Vector vs. Loop, Beta-Binomial

Stan Community,

I wrote this Stan code using loops. Where can I use a vector syntax to avoid some of these loops? Thanks for the instruction. Other style tips are welcomed, too.

For context, I have participants, and those repeat for each geography variable (max_geography is the number of unique geography values).

Participants are measured on a binomial outcome, so I’m interested in the success counts “s” out of “n_count” trails modeled by the probability of success theta.

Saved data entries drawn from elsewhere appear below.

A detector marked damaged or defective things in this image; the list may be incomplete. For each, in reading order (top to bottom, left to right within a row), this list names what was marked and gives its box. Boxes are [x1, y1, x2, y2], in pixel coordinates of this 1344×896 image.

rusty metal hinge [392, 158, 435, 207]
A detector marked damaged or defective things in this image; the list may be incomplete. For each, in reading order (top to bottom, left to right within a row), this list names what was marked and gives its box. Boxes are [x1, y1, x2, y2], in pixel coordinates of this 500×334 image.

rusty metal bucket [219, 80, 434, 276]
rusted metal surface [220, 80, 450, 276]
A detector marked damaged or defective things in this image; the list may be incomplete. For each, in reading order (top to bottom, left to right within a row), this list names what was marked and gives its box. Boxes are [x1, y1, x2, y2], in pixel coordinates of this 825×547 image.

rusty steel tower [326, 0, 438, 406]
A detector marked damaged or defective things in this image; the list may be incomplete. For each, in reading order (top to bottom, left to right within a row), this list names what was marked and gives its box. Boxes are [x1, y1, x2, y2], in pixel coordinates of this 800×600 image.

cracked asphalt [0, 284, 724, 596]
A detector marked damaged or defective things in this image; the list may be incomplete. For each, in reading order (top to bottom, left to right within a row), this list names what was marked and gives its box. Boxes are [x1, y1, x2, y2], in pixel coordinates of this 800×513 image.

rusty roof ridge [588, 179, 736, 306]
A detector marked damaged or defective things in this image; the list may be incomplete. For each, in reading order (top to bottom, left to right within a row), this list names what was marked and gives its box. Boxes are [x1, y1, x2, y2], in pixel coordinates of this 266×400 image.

I modeled a hierarchical beta distribution of participants’ thetas within each geography. I’m interested in the mean and standard deviation of each geography’s beta distribution.

data {
  int <lower = 0> N;
  int <lower = 0> max_geography;
  array[N] int <lower = 0> geo;
  array[N] int <lower = 0> n_count;
  array[N] int <lower = 0> s;
}

parameters {
  array[N] real <lower = 0, upper = 1> theta;
  array[max_geography] real <lower = 0> alpha;
  array[max_geography] real <lower = 0> beta;
}

transformed parameters {
  array[max_geography] real beta_mu;
  array[max_geography] real <lower = 0> beta_sigma;
  
  for(i in 1:max_geography){
    beta_mu[i] = alpha[i]/(alpha[i] + beta[i]);
    beta_sigma[i] = sqrt((alpha[i] * beta[i]) / ((alpha[i] + beta[i]) * (alpha[i] + beta[i]) * (1 + alpha[i] + beta[i])));
  }
}

model {
  for(i in 1:max_geography){
    alpha[i] ~ exponential(0.1);
    beta[i]  ~ exponential(0.1);
  }
  
  for(n in 1:N) {
    theta[n] ~ beta(2, 3);
  }
  
  for(n in 1:N) {
    s[n] ~ binomial(n_count[n], theta[n]);
  }
  
  for(n in 1:N){
    theta[n] ~ beta(alpha[geo[n]], beta[geo[n]]);
  }
}

generated quantities {
  array[max_geography] real theta_rep;
  
  for(i in 1:max_geography) {
    theta_rep[i] = beta_rng(alpha[i], beta[i]);
  }
}
data {
 int <lower = 0> N;
 int <lower = 0> max_geography;
 array[N] int <lower = 0> geo;
 array[N] int <lower = 0> n_count;
 array[N] int <lower = 0> s;
}

parameters {
 vector<lower =0, upper = 1>[N] real theta;
 vector<lower = 0>[max_geography] real alpha;
 vector<lower = 0>[max_geography] real beta;
}

transformed parameters {
 vector[max_geography] real beta_mu;
 vector<lower = 0>[max_geography] real beta_sigma;

 beta_mu = alpha./(alpha+beta);
 beta_sigma = sqrt((alpha.*beta)./((alpha+beta).*(alpha+beta).*(1+alpha+beta)));
}

model {
 alpha ~ exponential(0.1);
 beta ~ exponential(0.1);
 theta ~ beta(2, 3);

 for(n in 1:N) {
  s[n] ~ binomial(n_count[n],theta[n]);
 }
}

generated quantities {
 vector[max_geography] real theta_rep;

 theta_rep = beta_rng(alpha,beta);
}

I believe this should work. You had two definitions for how the theta parameters are determined, so I went with the first one. If you go with the second, I believe you would need to keep it as a for loop because geo is an integer array. In that case:

model {
 alpha ~ exponential(0.1);
 beta ~ exponential(0.1);

 for(n in 1:N) {
  theta[n] ~ beta(alpha[geo[n]],beta[geo[n]]);
  s[n] ~ binomial(n_count[n],theta[n]);
 }
}
1 Like